30/05/2017 26 °C
In the blink of an eye, two months have passed since any new words have appeared on Idyllic Ambling- a direct consequence of my dedication to a new job and the constant tale of non-existent Wi-Fi. Now, after only a sentence, I have yet to regain the rhythm I can usually channel when writing.
The holiday to Alaska is barely two weeks away and the sheer excitement I feel is masking the many challenges which frequently arise in day-to-day life. It has always been instilled in my mind that when you’ve something to look forward to and focus on it can suppress anxiety you feel when your outlook is restricted to the short term or when facing a seemingly unsurpassable obstacle.

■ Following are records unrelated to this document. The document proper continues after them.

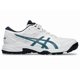 thumbnail image 3 of ASICS GEL-PEAKE 2 STANDARD 1113A036 106 White/Atlantis Blue Men Handball Shoes, 3 of 6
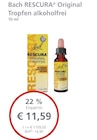 RESCURA Original Tropfen alkoholfrei bei LINDA im Löhne Prospekt für 11,99 €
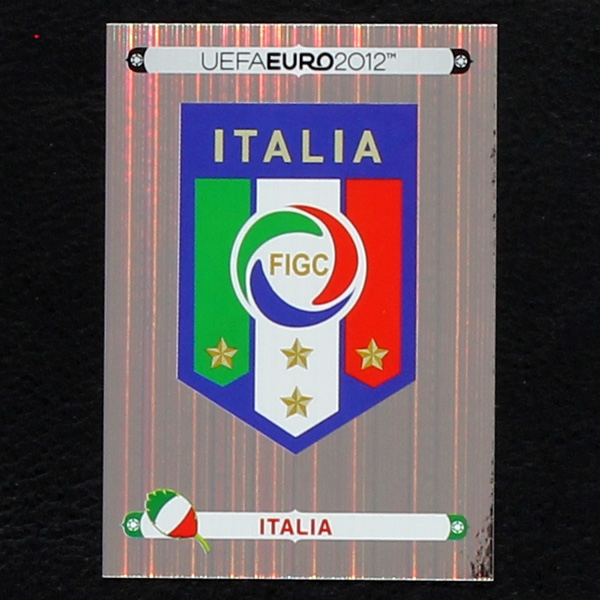 Italia Wappen Panini Sticker No. 311 - Euro 2012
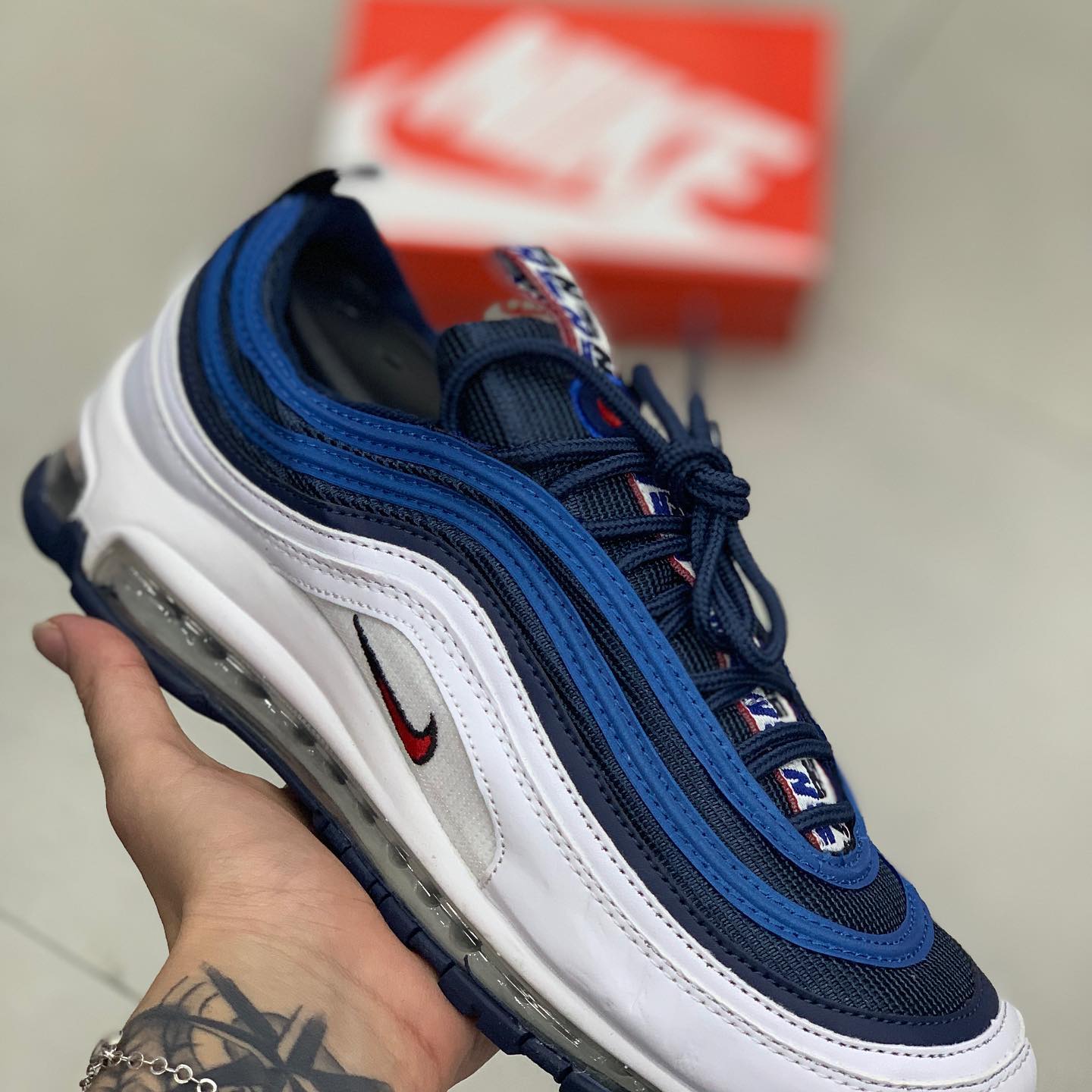 Air Max 97 Pull Tab Obsidian White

During short spurts of spontaneous weekend travel I’ve been gently reminded to walk slowly and carefully while traversing familiar and new ground alike. My hiking companion was meandering several feet behind me one evening as we followed a familiar local trail- actually I was on the trail and he was somewhat off-piste, shuffling between the sagebrush. He beckoned me away from my regulation pathway and gestured me to look underneath a sagebrush bush, close to the root. Beneath it I saw a tiny nest with three eggs resting inside. I questioned how he found this and he said he’d seen a tiny bird flutter away when we approached it. I was grateful to capture a photo before moving away quickly. I imagine the need to slow down is a common thought for many but admittedly it is hard to put into practice.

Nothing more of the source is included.